We need the code. More than likely it'll have a shift solenoid code. These are usually fixed by doing a transaxle flush. I've also seen a throttle body issue trigger the AT light as well..but you would know for sure if it was a TB. The car would go into limp mode with limited throttle input, probably wouldn't go over 2000 rpm either. I believe a major problem with the transaxle will also trigger a limp mode and AT light on.
MazdaMike02
01-21-2014, 04:39 PM
Argh I meant hate seeing people bitch. Whatever, end rant.
Booter22
01-21-2014, 11:17 PM
Argh I meant hate seeing people bitch. Whatever, end rant.
Exactly!
Its one thing to pull the code. Ok here it is p02727 say. Now what do you want to do. Spend hours on google seeing the different ways people fixed it or have the tech trained to fix it do the diag and tell you.. its not so simple to get the code and say here it is. Some codes can have 30 possible causes and 50 or more or less pages of diag to find out which repair is required. Trust me. I wish it was simple and the magic answer jumped out of the car. But it doesnt work that way.
MazdaMike02
01-22-2014, 08:27 AM
Yep. It does in the truck and coach industry :P they have specialized scanners that literally diagnose problems for you and tell you where to look. They also located wiring issues.

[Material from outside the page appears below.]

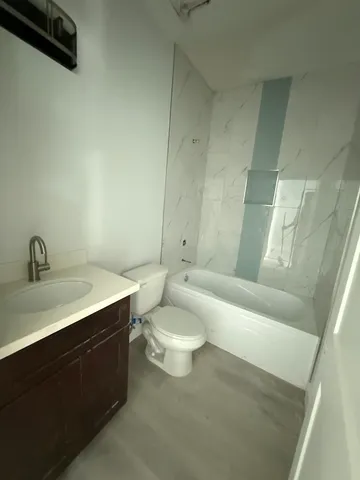 a bathroom with a toilet a sink and bathtub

Thats why you pay 1h diag, you pay for me to scan the code and diagnose it for you properly. It doesn't matter how long it takes, these are specialized tools, we work flat rate (payed per job), this is how we make our living. I always think to myself, would you guys like it if someone came to your work and whined about paying you for a service? You'd get pretty annoyed right? Not all of us are crooks, some of us are here taking care of customers and trying to make a life.
gramps
01-27-2014, 11:46 AM
when i brought it in, it turned out to be two separate issues. The oxygen sensor issue was never going to clear permenantley, and i figured, i need my check engine light cleared to see any future issues that may occur. The sensor tip was "smoky" looking when we pulled it out.
About the AT question, i had a proper flush about 40k kms ago, replaced with amsoil AT. I remember reading a while ago that many people replace every 50k. The issue had to due with the sensor for the "rev limiter" if i remember correctly. Some of my gear shifting was not the smoothest. I just replaced it, since it was not too expensive.